Crawled caption data:

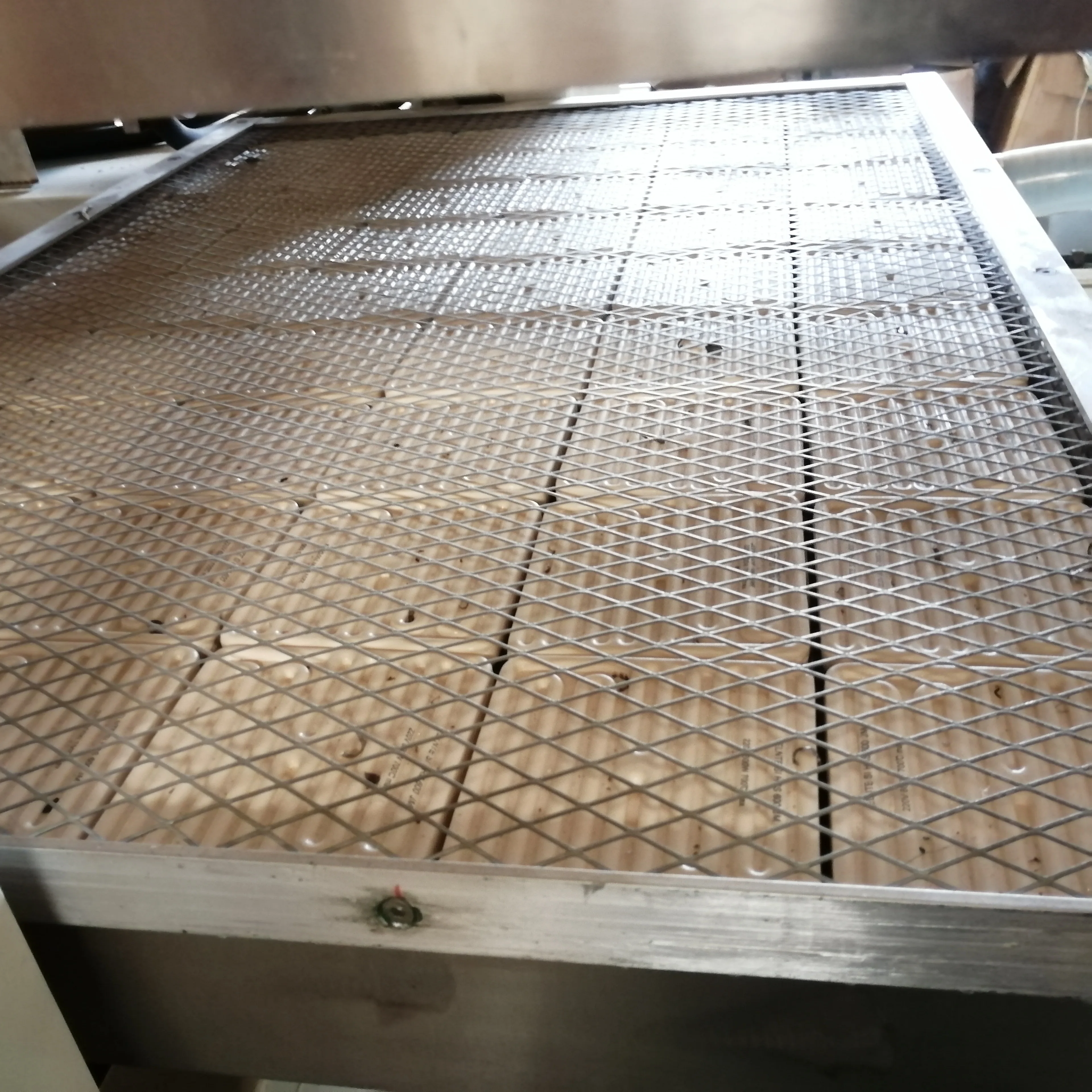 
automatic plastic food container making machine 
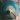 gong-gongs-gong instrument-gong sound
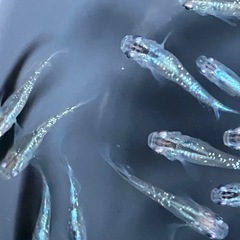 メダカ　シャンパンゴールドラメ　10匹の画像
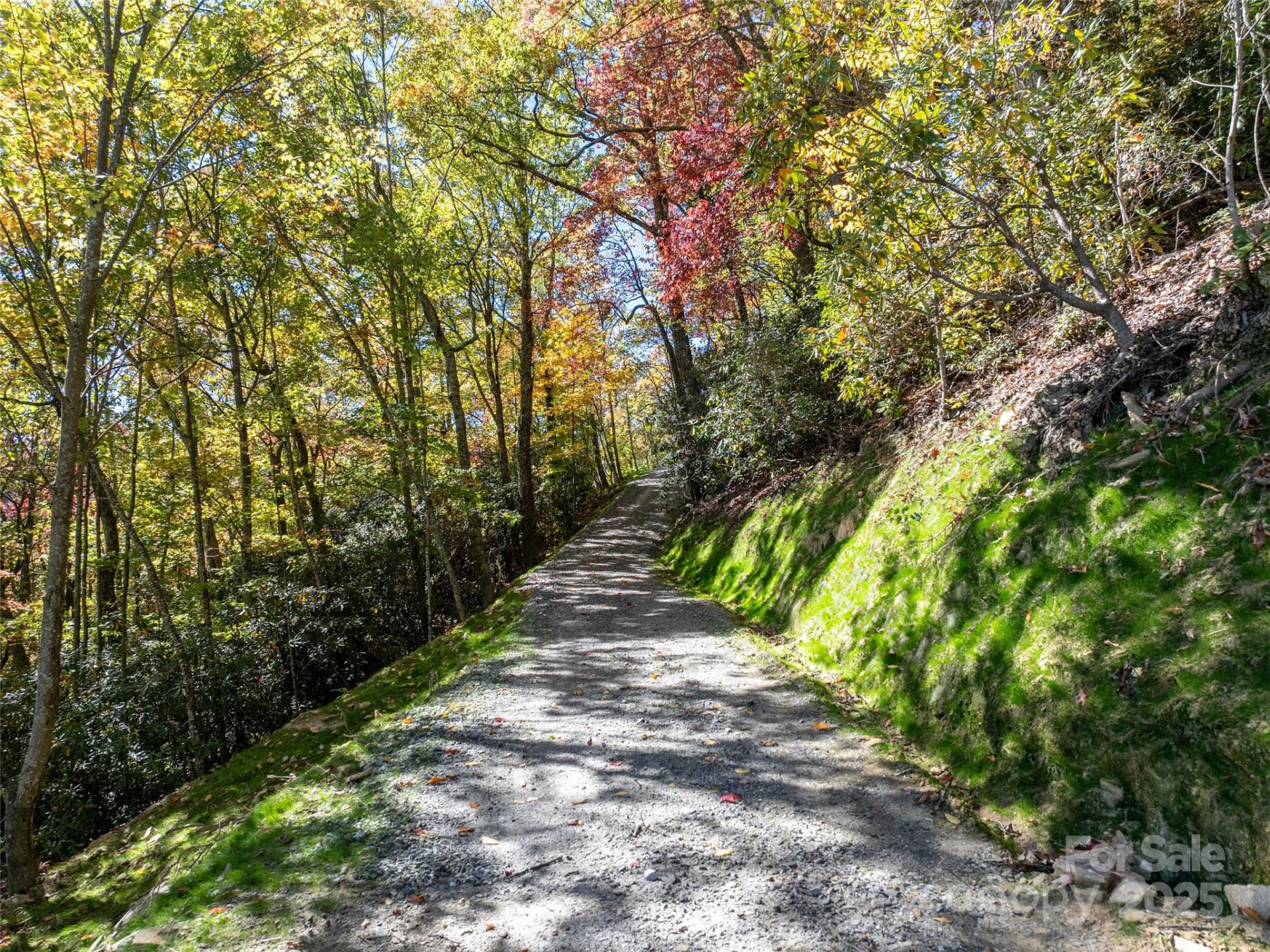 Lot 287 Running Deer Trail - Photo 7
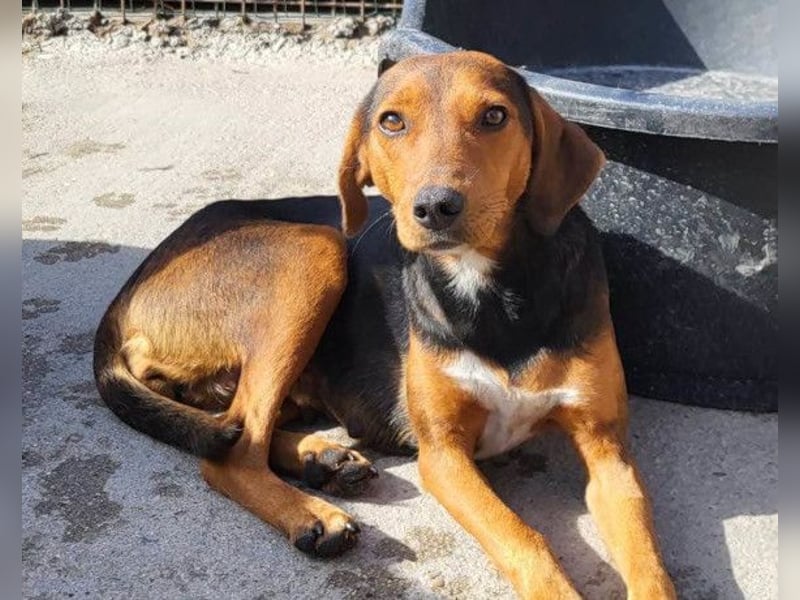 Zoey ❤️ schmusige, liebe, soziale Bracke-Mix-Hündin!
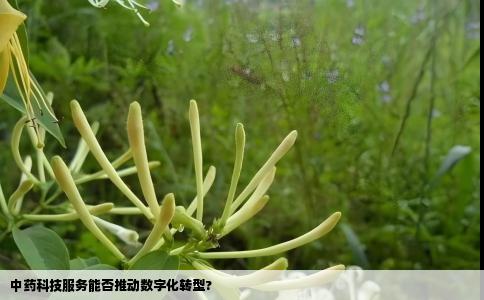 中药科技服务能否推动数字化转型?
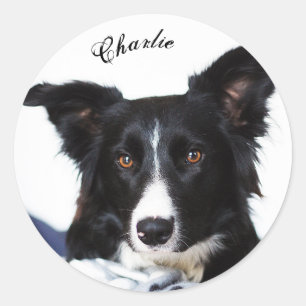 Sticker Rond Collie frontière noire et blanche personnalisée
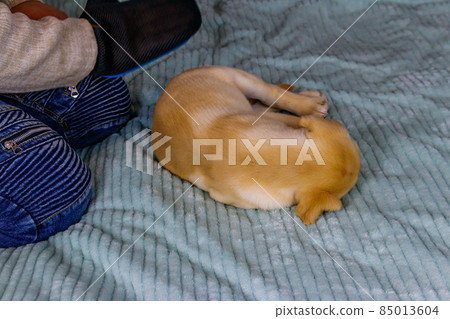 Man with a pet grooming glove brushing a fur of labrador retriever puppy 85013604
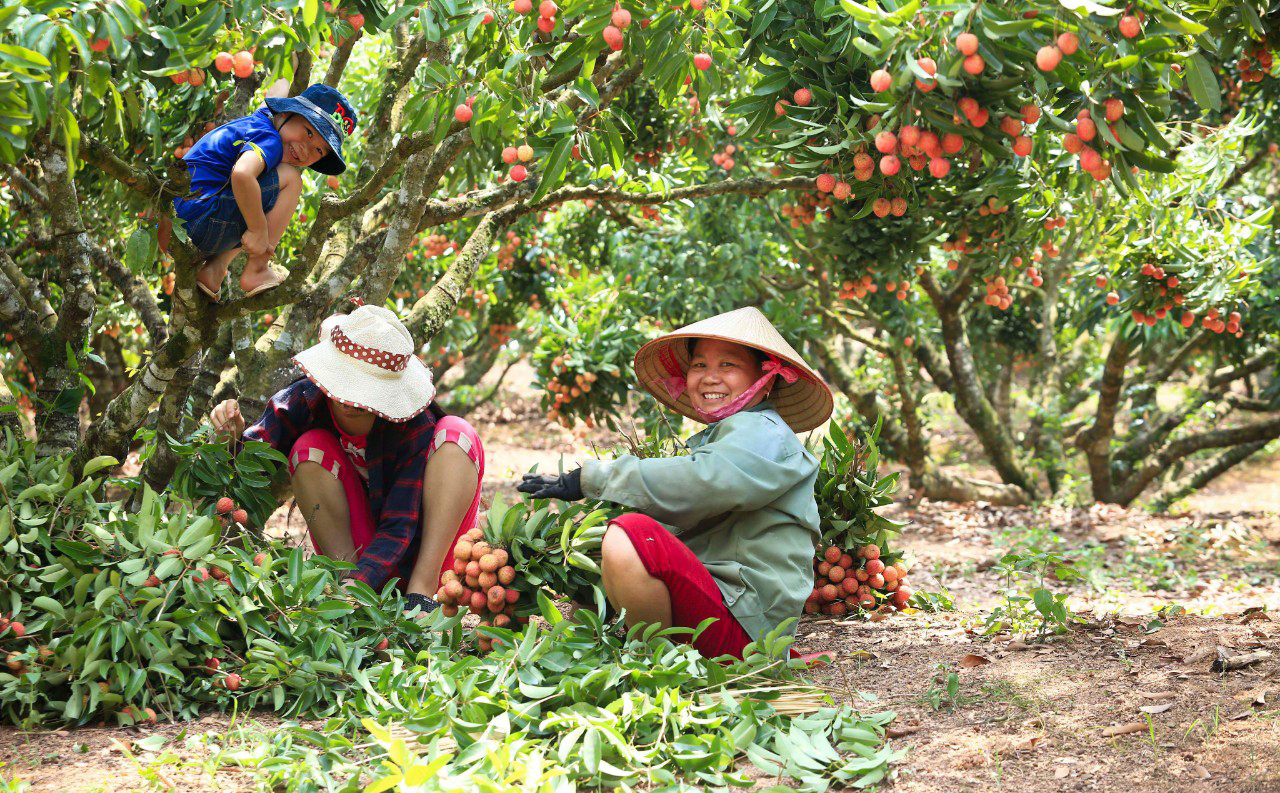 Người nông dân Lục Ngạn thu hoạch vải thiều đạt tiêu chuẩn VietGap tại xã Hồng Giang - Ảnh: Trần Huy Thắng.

(Directions for this task): Omitting all pictures, reproduce the records above in their entirety.

(Task solution):
automatic plastic food container making machine 
 gong-gongs-gong instrument-gong sound
 メダカ　シャンパンゴールドラメ　10匹の画像
 Lot 287 Running Deer Trail - Photo 7
 Zoey ❤️ schmusige, liebe, soziale Bracke-Mix-Hündin!
 中药科技服务能否推动数字化转型?
 Sticker Rond Collie frontière noire et blanche personnalisée
 Man with a pet grooming glove brushing a fur of labrador retriever puppy 85013604
 Người nông dân Lục Ngạn thu hoạch vải thiều đạt tiêu chuẩn VietGap tại xã Hồng Giang - Ảnh: Trần Huy Thắng.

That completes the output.